The ones before the 2011 versión are "pressure" setup

you have to hold the pad with something strong, like a bench clamp and then push the carrier to remove the pad.

if the pad is already good for the trash you could also use a screwdriver to lever it up and out. 

to setup the new pad it, lubricate it with some alcohol and push it back in.


----------



## pmf (Feb 23, 2004)

Are you kidding me? I have to remove the carrier from the bike? What a PITA. I'm not feeling the love of the $175 tool I need to replace a chain either. 

If it helps, I have the first year Athena when it was introduced as 11-speed. I think it was 2011.


----------



## bikerjulio (Jan 19, 2010)

pmf said:


> Are you kidding me? I have to remove the carrier from the bike? What a PITA. I'm not feeling the love of the $175 tool I need to replace a chain either.
> 
> If it helps, I have the first year Athena when it was introduced as 11-speed. I think it was 2011.


As Salsa says - thin bladed screwdriver under the pad and lever it out.

Soapy solution works for me to push a new pad in. They are directional btw.

As for the chains - just buy a KMC link.


----------



## oldroadie_nc (Mar 10, 2011)

It really isn't that hard to do. Prying the old pad from the carrier is quick and simple with a flat screwdriver. I use dish soap to lube up the new pad and then push them into place. You might need a mallet to fully seat the pad by tapping the pad while holding the carrier against a solid surface, or hold the pad against the surface and tap the carrier (either way use a rag to protect the carrier). Should only take you 15 minutes to complete the job.

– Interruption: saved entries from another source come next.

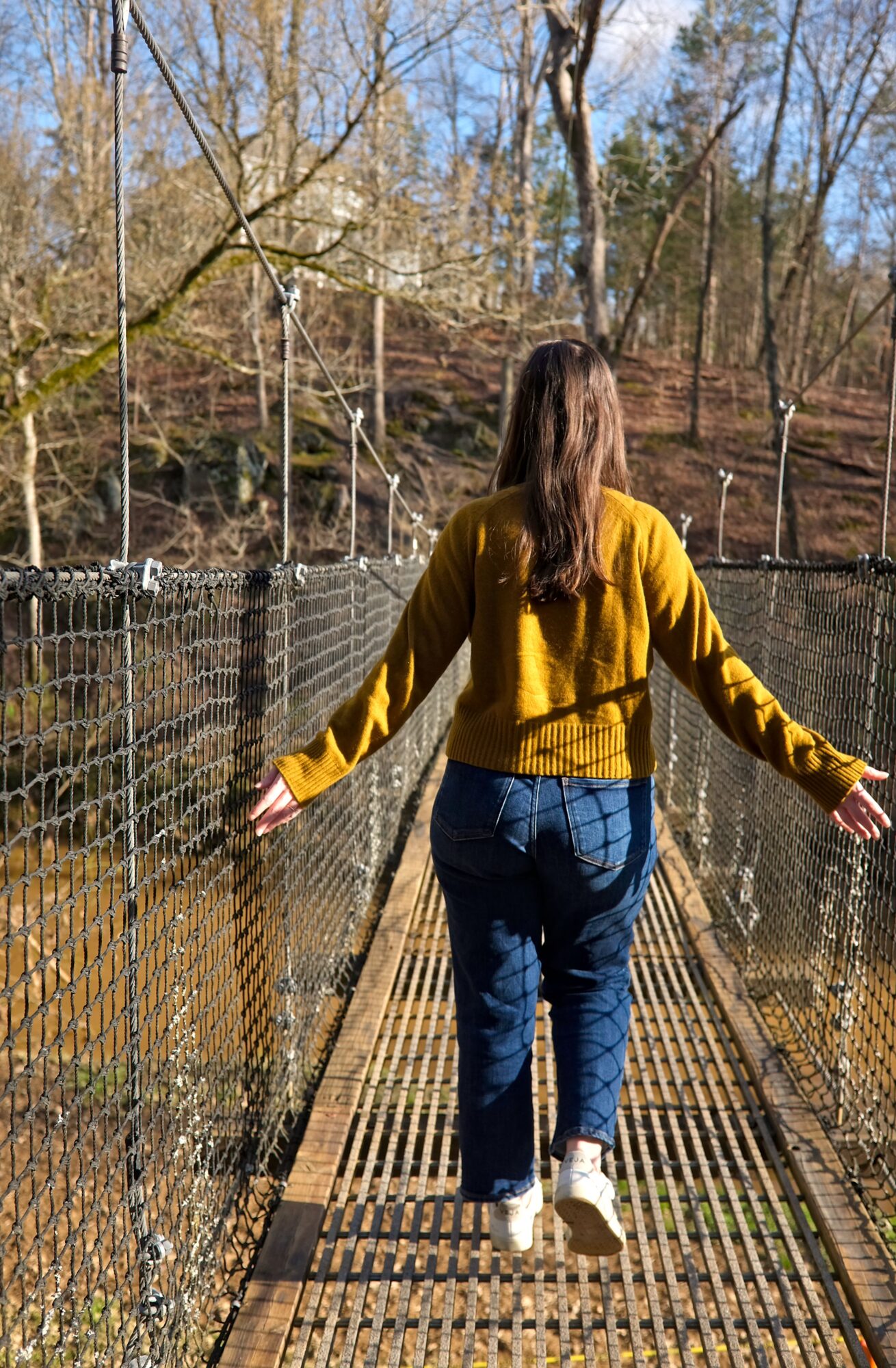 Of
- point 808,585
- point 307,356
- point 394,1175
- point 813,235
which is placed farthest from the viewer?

Though it sounds like it's too late, you didn't need to buy the Campy chain tool; just use a regular chain tool and a KMC 11-spd quick link. Works just fine.

Give Campy a chance. Compared to Shimano, it will make you much faster and more appealing to the opposite sex!


----------



## Fignon's Barber (Mar 2, 2004)

Easiest way to remove a spent Campag brakepad: take a pair of small wire cutters and take a couple big chomps out of the center of pad. The pad will break into pieces and simply pick the pieces out. Takes less than 30 seconds. Then slide the new pads in. The newer campag brake shoes with the spring holder are much easier to install/remove pads. 
The only problem with the new style campy brake shoes is that you have to use campy pads (as they have the slot machined into them to accommodate the sping mech). This limits your pad choices if you use carbon rims, so I use Jagwire shoes that match Record brakes perfectly.


----------



## pmf (Feb 23, 2004)

oldroadie_nc said:


> It really isn't that hard to do. Prying the old pad from the carrier is quick and simple with a flat screwdriver. I use dish soap to lube up the new pad and then push them into place. You might need a mallet to fully seat the pad by tapping the pad while holding the carrier against a solid surface, or hold the pad against the surface and tap the carrier (either way use a rag to protect the carrier). Should only take you 15 minutes to complete the job.
> 
> Though it sounds like it's too late, you didn't need to buy the Campy chain tool; just use a regular chain tool and a KMC 11-spd quick link. Works just fine.
> 
> Give Campy a chance. Compared to Shimano, it will make you much faster and more appealing to the opposite sex!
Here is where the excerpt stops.